# Chain volume index formulae

Latest release
Australian System of National Accounts: Concepts, Sources and Methods
Reference period
2020-21 financial year

6.18    Annual chain volume indexes in the ASNA are derived by compounding successive year-to-year Laspeyres indexes. A Laspeyres volume index from year $$y-1$$ to year $$y$$ is derived by dividing the value of the aggregate in year y at year $$y-1$$ prices (i.e. using the volumes in year $$y$$ but the prices of year $$y-1$$) with the current price value in year $$y-1$$; that is:

$$\large{L_Q} = \frac{{\sum\limits_{i = 1}^n {P_i^{y - 1}Q_i^y} }}{{\sum\limits_{i = 1}^n {P_i^{y - 1}Q_i^{y - 1}} }},$$

where $$P_i^y$$ and $$Q_i^y$$ are prices and quantities of the $$i^{th}$$ product in year $$y$$ and there are $$n$$ products.

6.19    Annual chain Laspeyres volume indexes can be formed by multiplying consecutive year-to-year indexes; that is:

$$\large L_Q^y = \frac{{\sum\limits_{i = 1}^n {P_i^0Q_i^1} }}{{\sum\limits_{i = 1}^n {P_i^0Q_i^0} }} \times \frac{{\sum\limits_{i = 1}^n {P_i^1Q_i^2} }}{{\sum\limits_{i = 1}^n {P_i^1Q_i^1} }} \times \frac{{\sum\limits_{i = 1}^n {P_i^2Q_i^3} }}{{\sum\limits_{i = 1}^n {P_i^2Q_i^2} }} \times \ldots \times \frac{{\sum\limits_{i = 1}^n {P_i^{y - 1}Q_i^y} }}{{\sum\limits_{i = 1}^n {P_i^{y - 1}Q_i^{y - 1}} }}$$

6.20    The derivation of quarterly chain Laspeyres volume indexes is in concept no different to compiling annual chain volume indexes. However there is the complication of seasonality to contend with. In the ASNA, annual base years (i.e. annual weights) are used to derive quarterly volume indexes rather than having quarterly base periods. If quarterly base periods were to be used then this should only be done using seasonally adjusted data and not original data.

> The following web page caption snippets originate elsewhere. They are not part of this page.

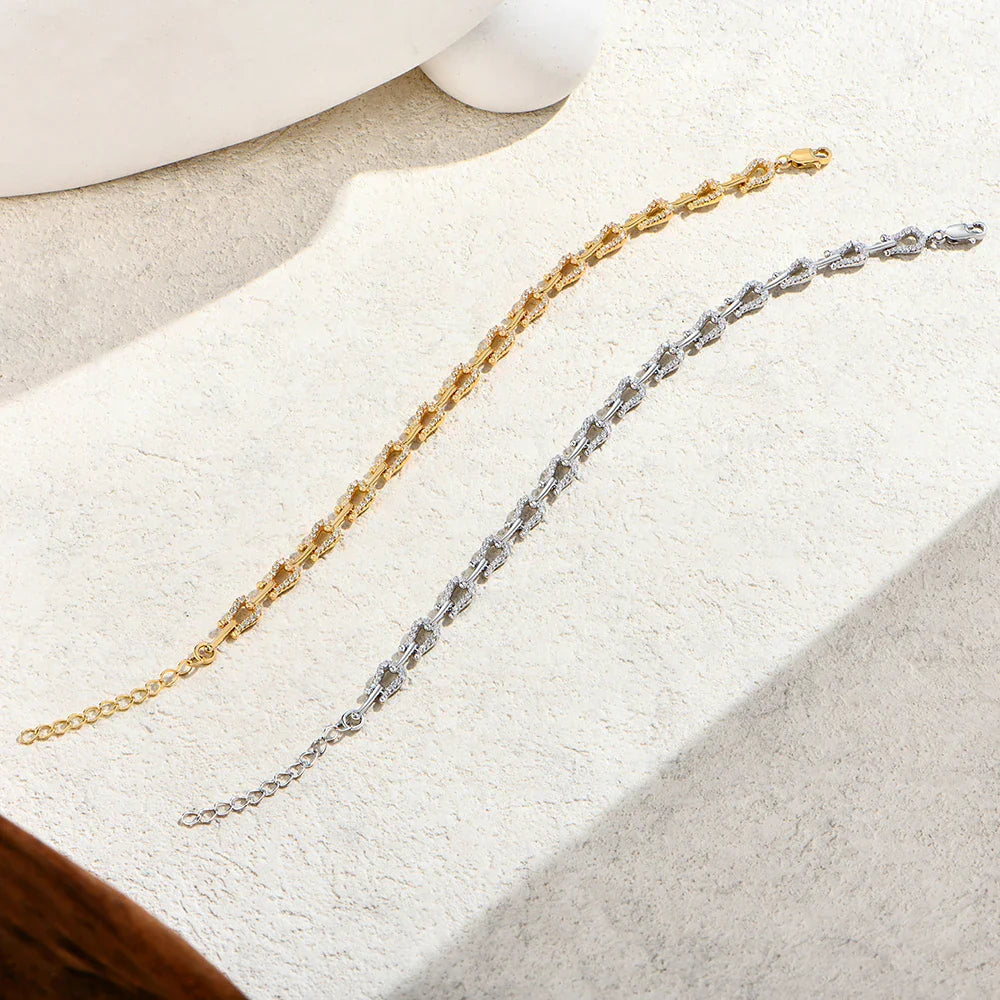 New Original Moissanite Women’s Bracelets 925 Sterling Silver Adjustable Horseshoe Bracelet NewYear Gift Party Jewelry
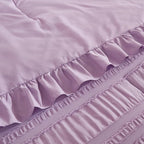 WONGS BEDDING Purple Comforter Set Queen,3 Pieces Ruffle Farmhouse Shabby Chic Comforter for Queen Bed,Soft Seersucker Textured Boho Bedding Set with 1 Ruffle Comforter,2 Tufted Pillowcases 90"×90"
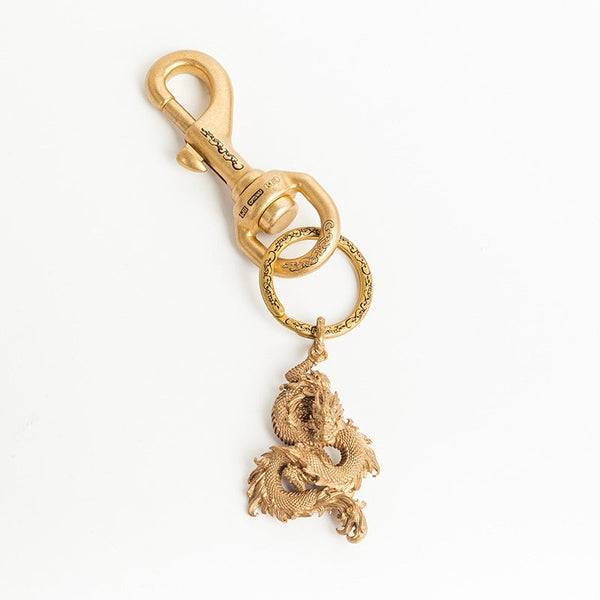 Chinese Dragon Keyring Brass Moto KeyChains Hook Keyring Dragon Moto Key Holder Key Chain Key Rings for Men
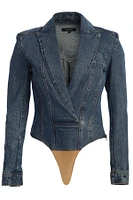 Jluxlabel Women's Medium Wash Dominica Structured Denim Bodysuit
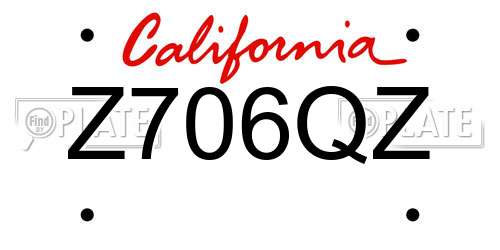 Z706QZ California License Plate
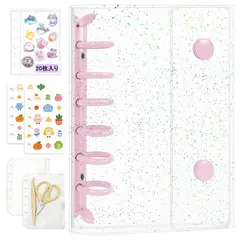 ミニシール帳 ミニ クリアバインダー カードスリーブ A7かわいい シール収納 3層構造 6穴 シールバインダー A7サイズ【バインダー×1個+リフィル×20枚+下敷き×2枚+チャック付きポケット×2枚】 女の子 推し活 シール帳 文房具 メモ 透明 カード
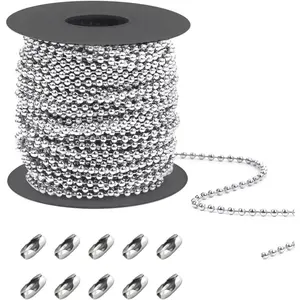 33ft/10m Stainless Steel Ball Chain, 4.0mm(#8) Metal Bead Chain with 10 Connectors Clasps for DIY Craft Chain,  Making Supplies,  Tag Necklace, , Bracelet, Pull Chain Extender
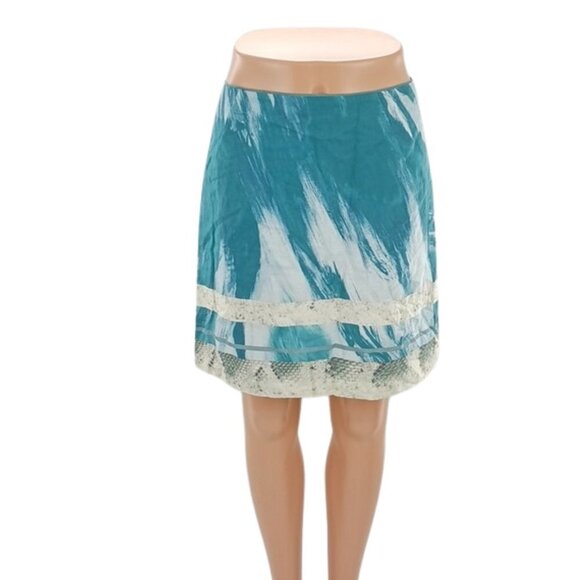 ELIE Tahari Linen Skirt Abstract Print Blue Zipper Back Lined Coastal Size 2 - Picture 1 of 9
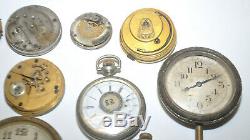 Antique Estate-Found Lot of 14 Pocket Watch Movements for parts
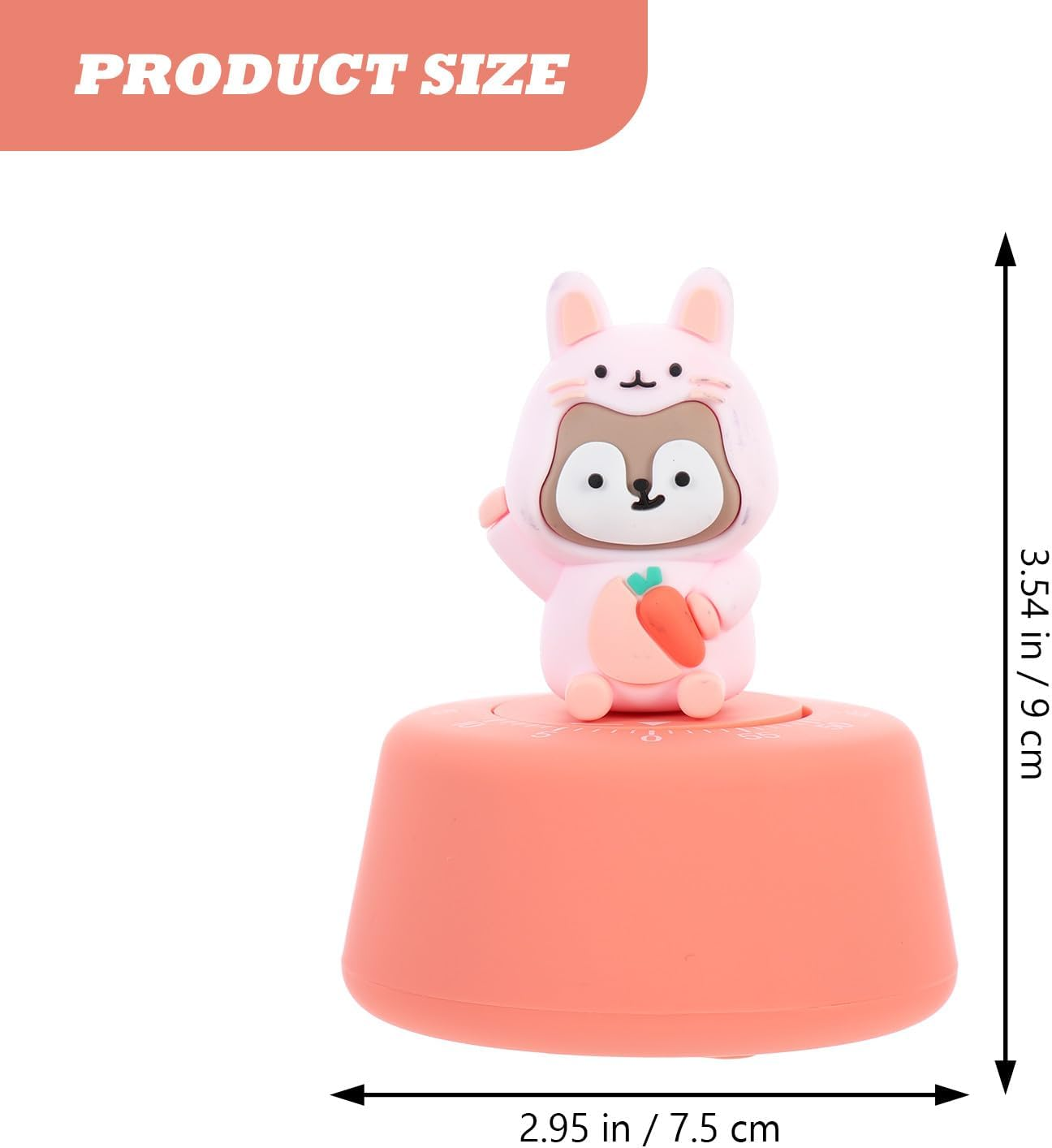 PHENOFICE Mechanical Kitchen Timer Manual Countdown Cartoon Pink Rabbit Time Reminder for Baking Cooking Games in Home image number 2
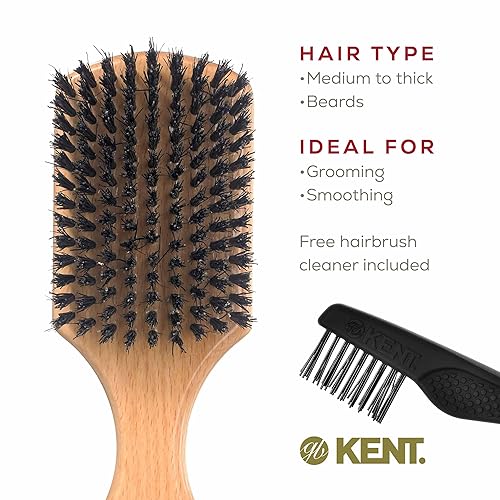 Miniatura 5 de Kent OG2 Beechwood Club - Cepillo de pelo 100% natural de cerdas de jabalí para hombre, todo tipo de cabello y longitudes de barba, tamaño de viaje
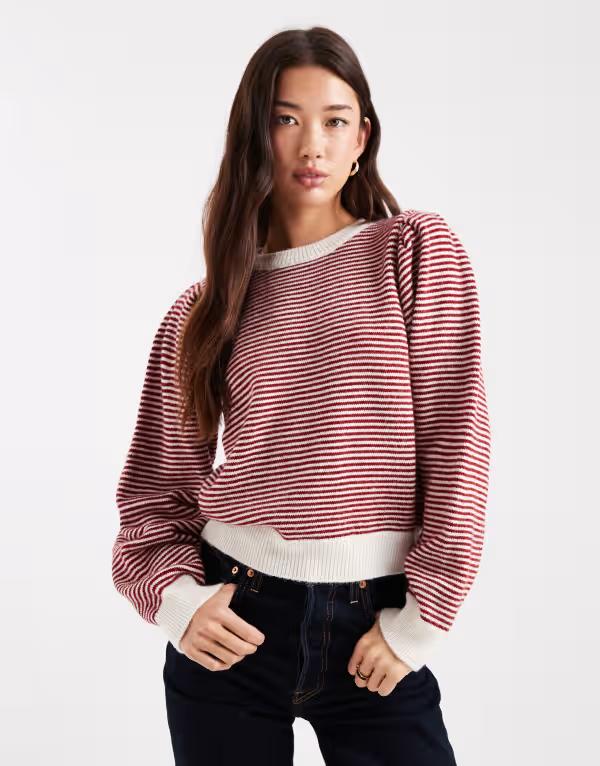 エイソス レディース アウター ニット・セーター セーター ASOS DESIGN puff sleeve fine striped sweater and cream Red and Cream Stripe クリーム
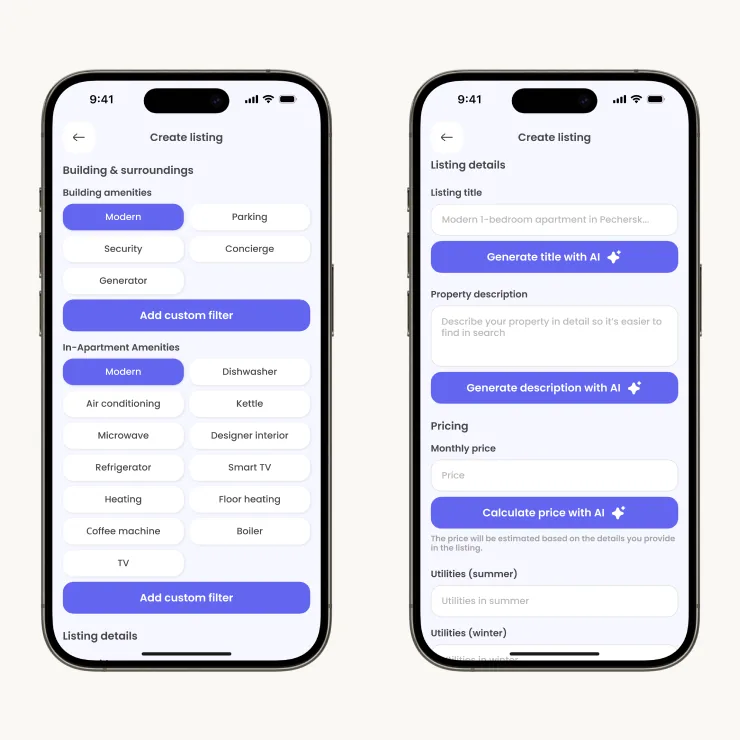 AI-Assisted Listing Creation Screenshot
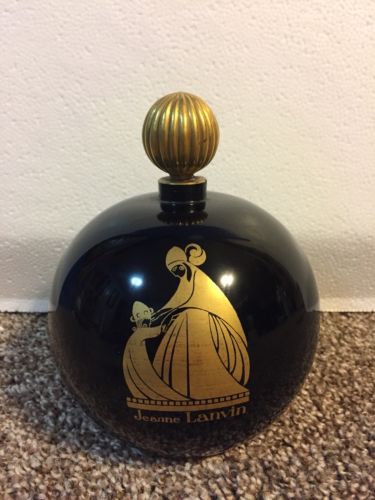 Large Vintage Jeanne Lanvin Dummy Perfume Black Bottle Gold Arpege glass stopper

6.21    Consequently the Laspeyres-type³⁴ volume index from year $$y-1$$ to quarter $$c$$ in year $$y$$ takes the form:

$$\large L_Q^{\left( {y - 1} \right) \to \left( {c,y} \right)} = \frac{{\sum\limits_{i = 1}^n {P_i^{y - 1}4q_i^{c,y}} }}{{\sum\limits_{i = 1}^n {P_i^{y - 1}Q_i^{y - 1}} }} = \sum\limits_{i = 1}^n {\frac{{4q_i^{c,y}}}{{Q_i^{y - 1}}}s_i^{y - 1},}$$

where $$q_i^{c,y}$$ , is the volume of product $$i$$ in the $$c^{th}$$ quarter of year $$y$$ and $$s$$ is the share (weight) of the $$i^{th}$$ item. For more detail see Annex A to this chapter.